Tuesday, June 1, 2010

31 May, 1911

The sky was overcast this morning, and the temperature -13.

Went out after lunch on ski, but the surface was sticky except for where drifts were deep. There was an oppressive feel in the air and I got very hot, coming in with head and hands bare. At 5pm, out of dead calm, a wind suddenly sprang up from the south blowing 40 mph, and since then it has been blowing a blizzard. I have never known a storm come on so suddenly, and it shows what possibility there is of individuals becoming lost even if they only go a short way from the hut.

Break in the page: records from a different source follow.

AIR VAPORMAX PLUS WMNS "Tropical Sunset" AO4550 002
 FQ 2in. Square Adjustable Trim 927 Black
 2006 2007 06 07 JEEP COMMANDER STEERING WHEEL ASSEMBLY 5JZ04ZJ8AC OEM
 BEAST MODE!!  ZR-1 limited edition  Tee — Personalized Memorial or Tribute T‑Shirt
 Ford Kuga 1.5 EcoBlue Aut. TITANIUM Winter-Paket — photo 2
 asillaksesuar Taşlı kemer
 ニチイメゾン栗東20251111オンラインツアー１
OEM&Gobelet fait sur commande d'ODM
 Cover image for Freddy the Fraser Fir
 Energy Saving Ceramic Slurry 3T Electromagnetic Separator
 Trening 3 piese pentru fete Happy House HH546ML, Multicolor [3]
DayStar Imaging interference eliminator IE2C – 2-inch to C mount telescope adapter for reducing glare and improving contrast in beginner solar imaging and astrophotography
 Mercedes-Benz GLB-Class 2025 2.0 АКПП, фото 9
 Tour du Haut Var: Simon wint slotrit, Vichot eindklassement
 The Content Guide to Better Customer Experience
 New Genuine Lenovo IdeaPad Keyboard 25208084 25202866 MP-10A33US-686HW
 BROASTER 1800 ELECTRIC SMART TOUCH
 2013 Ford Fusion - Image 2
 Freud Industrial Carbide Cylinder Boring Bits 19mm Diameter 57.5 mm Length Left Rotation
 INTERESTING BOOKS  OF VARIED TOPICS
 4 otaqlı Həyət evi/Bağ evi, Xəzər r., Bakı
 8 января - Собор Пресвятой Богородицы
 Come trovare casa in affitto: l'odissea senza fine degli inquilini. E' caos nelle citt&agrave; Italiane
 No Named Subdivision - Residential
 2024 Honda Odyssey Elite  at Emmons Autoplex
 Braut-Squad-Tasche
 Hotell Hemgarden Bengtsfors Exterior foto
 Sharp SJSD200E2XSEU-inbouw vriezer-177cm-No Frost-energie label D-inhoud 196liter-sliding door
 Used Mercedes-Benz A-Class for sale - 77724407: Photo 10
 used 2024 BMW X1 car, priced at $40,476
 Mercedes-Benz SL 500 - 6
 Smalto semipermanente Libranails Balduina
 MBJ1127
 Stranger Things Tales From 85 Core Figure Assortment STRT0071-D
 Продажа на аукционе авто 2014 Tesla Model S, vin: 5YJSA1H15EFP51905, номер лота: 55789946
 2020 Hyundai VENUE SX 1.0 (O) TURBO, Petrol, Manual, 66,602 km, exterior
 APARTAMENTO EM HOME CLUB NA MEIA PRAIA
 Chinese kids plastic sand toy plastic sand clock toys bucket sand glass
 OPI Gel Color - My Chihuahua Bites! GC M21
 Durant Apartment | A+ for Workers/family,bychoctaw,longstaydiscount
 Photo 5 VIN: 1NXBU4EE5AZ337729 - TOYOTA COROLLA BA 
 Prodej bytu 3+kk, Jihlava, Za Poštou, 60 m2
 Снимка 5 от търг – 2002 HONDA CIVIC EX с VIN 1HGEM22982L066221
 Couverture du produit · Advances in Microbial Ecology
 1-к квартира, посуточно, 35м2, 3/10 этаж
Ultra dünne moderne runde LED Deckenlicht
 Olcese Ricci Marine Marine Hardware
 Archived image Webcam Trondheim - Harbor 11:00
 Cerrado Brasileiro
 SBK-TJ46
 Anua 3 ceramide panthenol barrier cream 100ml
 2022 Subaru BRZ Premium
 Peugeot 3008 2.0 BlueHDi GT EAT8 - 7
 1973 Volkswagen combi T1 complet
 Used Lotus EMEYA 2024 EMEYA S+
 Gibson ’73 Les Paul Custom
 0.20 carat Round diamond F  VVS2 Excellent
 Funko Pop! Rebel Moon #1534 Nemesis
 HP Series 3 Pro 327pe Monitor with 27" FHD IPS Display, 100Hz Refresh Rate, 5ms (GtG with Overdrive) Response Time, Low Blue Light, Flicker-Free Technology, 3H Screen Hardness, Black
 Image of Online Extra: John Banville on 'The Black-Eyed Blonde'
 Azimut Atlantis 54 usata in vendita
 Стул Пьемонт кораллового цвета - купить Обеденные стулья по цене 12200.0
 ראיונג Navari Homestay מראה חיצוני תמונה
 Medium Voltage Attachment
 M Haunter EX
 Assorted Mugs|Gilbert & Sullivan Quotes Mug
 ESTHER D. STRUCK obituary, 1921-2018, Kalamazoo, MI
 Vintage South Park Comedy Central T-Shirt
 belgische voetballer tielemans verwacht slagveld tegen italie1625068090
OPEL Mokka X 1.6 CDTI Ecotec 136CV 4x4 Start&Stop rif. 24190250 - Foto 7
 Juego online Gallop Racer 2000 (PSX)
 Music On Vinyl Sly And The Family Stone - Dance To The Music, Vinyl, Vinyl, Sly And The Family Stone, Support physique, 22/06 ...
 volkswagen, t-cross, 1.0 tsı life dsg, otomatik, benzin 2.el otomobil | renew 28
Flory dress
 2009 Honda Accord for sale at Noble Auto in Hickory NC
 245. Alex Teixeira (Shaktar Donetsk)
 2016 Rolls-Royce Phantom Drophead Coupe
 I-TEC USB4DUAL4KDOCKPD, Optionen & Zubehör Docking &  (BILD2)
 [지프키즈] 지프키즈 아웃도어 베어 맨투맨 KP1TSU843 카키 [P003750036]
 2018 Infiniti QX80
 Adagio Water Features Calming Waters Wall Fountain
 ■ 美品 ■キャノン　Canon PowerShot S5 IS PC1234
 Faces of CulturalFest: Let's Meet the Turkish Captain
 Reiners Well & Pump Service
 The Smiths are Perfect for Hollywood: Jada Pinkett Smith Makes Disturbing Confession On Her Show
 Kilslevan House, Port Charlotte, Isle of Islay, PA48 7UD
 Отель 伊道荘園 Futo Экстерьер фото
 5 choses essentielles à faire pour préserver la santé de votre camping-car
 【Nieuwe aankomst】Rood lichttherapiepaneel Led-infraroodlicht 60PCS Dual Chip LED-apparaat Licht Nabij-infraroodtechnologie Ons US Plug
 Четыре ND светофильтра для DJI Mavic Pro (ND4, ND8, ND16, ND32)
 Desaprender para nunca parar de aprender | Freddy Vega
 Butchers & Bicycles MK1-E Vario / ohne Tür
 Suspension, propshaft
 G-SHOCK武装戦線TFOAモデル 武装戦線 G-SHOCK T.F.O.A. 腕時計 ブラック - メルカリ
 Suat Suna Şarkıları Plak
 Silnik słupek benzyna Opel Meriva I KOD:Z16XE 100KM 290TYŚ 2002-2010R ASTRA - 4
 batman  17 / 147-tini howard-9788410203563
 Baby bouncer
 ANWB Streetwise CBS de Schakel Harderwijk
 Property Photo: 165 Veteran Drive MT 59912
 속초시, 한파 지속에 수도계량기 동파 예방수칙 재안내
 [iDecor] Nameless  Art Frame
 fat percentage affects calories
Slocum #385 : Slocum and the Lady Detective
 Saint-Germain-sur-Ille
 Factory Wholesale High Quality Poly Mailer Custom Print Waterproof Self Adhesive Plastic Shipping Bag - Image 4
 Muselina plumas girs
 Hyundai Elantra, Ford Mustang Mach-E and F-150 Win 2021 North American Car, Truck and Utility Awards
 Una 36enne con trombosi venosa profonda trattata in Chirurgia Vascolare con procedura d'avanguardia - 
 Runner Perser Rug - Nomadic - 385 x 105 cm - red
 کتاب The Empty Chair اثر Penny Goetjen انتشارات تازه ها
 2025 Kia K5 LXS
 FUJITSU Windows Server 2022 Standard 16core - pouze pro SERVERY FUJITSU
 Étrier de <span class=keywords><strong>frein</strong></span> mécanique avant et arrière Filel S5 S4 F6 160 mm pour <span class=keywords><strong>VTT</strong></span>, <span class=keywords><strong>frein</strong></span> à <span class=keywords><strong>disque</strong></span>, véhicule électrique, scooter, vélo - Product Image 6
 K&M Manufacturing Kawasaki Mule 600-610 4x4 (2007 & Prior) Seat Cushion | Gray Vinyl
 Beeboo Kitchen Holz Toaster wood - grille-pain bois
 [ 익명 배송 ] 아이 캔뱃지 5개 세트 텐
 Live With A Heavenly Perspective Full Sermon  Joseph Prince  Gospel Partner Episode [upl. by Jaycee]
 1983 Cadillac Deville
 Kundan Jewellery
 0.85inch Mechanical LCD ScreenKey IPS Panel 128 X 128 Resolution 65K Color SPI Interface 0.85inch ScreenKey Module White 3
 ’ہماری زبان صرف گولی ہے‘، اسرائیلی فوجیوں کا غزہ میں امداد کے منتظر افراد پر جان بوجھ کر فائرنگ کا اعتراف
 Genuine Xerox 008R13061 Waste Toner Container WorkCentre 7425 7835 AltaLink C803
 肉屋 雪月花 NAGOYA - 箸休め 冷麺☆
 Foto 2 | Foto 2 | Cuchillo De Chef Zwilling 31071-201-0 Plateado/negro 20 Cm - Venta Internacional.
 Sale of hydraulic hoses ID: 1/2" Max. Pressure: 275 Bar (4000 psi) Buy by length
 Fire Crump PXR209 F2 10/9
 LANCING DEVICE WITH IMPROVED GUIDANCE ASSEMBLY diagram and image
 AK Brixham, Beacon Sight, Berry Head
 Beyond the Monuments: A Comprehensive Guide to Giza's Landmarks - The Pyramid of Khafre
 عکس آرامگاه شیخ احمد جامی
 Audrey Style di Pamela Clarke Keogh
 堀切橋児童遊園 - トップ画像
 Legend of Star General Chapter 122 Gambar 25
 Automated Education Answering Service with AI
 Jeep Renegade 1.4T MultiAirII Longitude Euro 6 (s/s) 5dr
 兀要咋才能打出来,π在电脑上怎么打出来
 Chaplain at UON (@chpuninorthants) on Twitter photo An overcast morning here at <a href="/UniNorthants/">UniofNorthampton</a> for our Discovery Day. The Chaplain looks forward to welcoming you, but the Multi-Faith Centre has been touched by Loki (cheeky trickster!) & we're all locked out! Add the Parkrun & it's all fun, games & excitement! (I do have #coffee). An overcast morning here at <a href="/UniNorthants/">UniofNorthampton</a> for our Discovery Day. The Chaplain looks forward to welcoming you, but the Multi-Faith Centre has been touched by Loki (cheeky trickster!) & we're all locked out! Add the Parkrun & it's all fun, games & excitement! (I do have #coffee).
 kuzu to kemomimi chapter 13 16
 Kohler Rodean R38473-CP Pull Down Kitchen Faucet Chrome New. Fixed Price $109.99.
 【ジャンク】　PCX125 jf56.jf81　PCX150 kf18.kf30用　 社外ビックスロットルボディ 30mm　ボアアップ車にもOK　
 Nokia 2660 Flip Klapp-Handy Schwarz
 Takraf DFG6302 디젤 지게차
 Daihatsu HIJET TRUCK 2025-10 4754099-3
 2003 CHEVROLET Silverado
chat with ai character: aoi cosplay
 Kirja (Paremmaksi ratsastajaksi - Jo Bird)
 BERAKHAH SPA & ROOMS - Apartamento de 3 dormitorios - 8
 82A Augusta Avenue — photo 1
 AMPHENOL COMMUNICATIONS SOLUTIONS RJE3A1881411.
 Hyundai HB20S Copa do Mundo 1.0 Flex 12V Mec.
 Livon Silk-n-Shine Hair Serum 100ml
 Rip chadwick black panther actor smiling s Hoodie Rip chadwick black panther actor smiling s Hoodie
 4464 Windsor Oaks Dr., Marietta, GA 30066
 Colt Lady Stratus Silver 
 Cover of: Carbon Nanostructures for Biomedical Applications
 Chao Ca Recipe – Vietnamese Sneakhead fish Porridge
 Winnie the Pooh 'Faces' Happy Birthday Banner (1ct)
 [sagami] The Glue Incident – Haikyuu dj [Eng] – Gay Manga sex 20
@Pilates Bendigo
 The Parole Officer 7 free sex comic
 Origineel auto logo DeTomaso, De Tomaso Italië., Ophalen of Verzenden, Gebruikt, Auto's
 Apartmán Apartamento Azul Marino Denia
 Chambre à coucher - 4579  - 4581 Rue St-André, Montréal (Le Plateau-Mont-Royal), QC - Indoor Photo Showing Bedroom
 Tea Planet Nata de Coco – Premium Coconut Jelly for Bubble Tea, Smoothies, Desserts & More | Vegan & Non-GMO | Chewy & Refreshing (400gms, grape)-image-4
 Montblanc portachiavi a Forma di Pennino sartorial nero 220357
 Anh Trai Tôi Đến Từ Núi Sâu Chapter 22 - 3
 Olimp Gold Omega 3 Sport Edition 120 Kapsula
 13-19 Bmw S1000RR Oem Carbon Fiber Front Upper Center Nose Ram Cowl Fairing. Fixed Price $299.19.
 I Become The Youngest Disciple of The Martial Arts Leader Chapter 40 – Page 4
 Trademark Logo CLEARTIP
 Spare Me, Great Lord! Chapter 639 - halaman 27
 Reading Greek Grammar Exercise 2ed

Tonight Wilson gave us a very interesting lecture on sketching. He says every line must be from observation; nothing superfluous. He raised a smile or two by generalizing the failures in sketches by others of our party which had been brought to him for criticism. he pointed out how much had been put in from preconceived notion. It's not enough to draw what you think should be there based on what you have seen previously: only what you see before you in the here and now. He is very modest.

He stands very high in the scale of human beings—how high I scarcely knew till the experience of the past few months. There is no member of our party so universally esteemed; only tonight I realize how patiently and consistently he has given time and attention to help the efforts of the other sketchers, and so it is all through; he has had a hand in almost every lecture given, and has been consulted in almost every effort which has been made towards the solution of the practical or theoretical problems of our Polar world.

The achievement of a great result by patient work is the best possible object-lesson for struggling humanity, for the results of genius, however admirable, can rarely be instructive.

The chief of the Scientific Staff sets an example which is more potent than any other factor in maintaining that bond of good fellowship which is the marked and beneficent characteristic of our community.